Hands up whoever has heard of the Red Queen’s Race?  That was the athletic event in Wonderland where the participants had to run very hard to stay exactly where they were.  I’m becoming convinced that we’re entering in to that sort of event in the online marketing and PR world – and probably beyond as well.  And it worries me.

The article that sparked this off is here – nothing major, really, but it did get me thinking.  Does anyone ever give any online or software technique any realistic time to show whether it can deliver the goods anymore?  Or is it all a case of ‘MTV Attention Span’?  Does everything have to prove itself within a 30 second elevator pitch?  If something does the job, does it effectively and meets whatever targets are set for it, why do so many people jump ship as soon as the ‘next, next thing’ comes along? 
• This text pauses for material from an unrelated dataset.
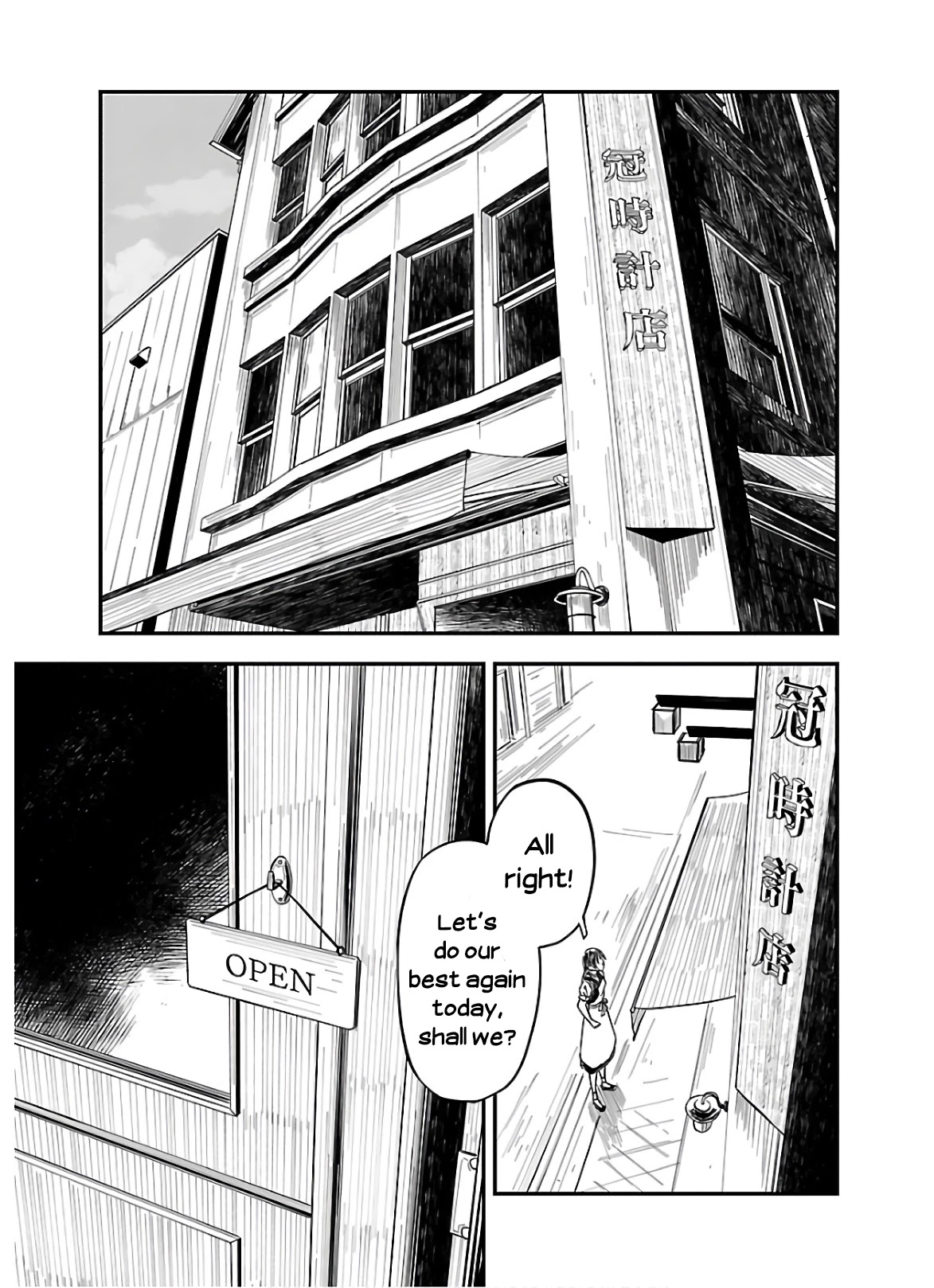 Kanmuri-san's Watch Workshop Chapter 4 page 23 - Chapter 4: The Water Has Got In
There seems to be no scope today for a technique or technology to get time to prove itself.  Of course, there are going to be some advances that are just so awesomely great that it’s obvious even to a relative techo-Luddite like me that they’re worth using immediately, but for other things, how can you know whether you can get more out of an upgrade when you probably haven’t even measured the value of your current process?  If you’re using online tools like Facebook, Twitter, Search Engine Optimisation to market your business, then do you actually know how much business comes to your site via these various channels?  Because if you don’t then simply changing techniques to fit with the current ‘fad’ is likely to be a waste of time; you simply don’t know whether the new tool is worse or better than the old one!

Impatience with results from all online marketing methods has always been an issue; people still seem to think that making quick money is posisble on the Internet; I’m afraid the only way to do that is probably to sell people on the Internet ‘Get Rich Quick’ schemes!  But flicking from one technique to another and then to another without giving time for them to work or even knowing whether they ARE working is pointless.

So…my advice?

Well, bearing in mind that I am certainly NOT a marketing expert and not a millionaire, all I can say is apply good, sound, marketing techniques, such as:

  1. Measure your traffic to your site or business before you start, using a metric that matters – whether that’s page impressions, money earned, downloads made, whatever suits your business.
  2. Introduce new marketing channels in such a way that business from them is identifiable.
  3. If your business is cyclical in any way, let new techniques run for at least a fair part of that cycle.
  4. When you have your baseline, make changes to the channels one at a time and measure any effects based on those changes.

Just remember the old adage that you cannot manage what you can’t measure; just because the technology changes doesn’t mean that common sense approaches to marketing should change as well.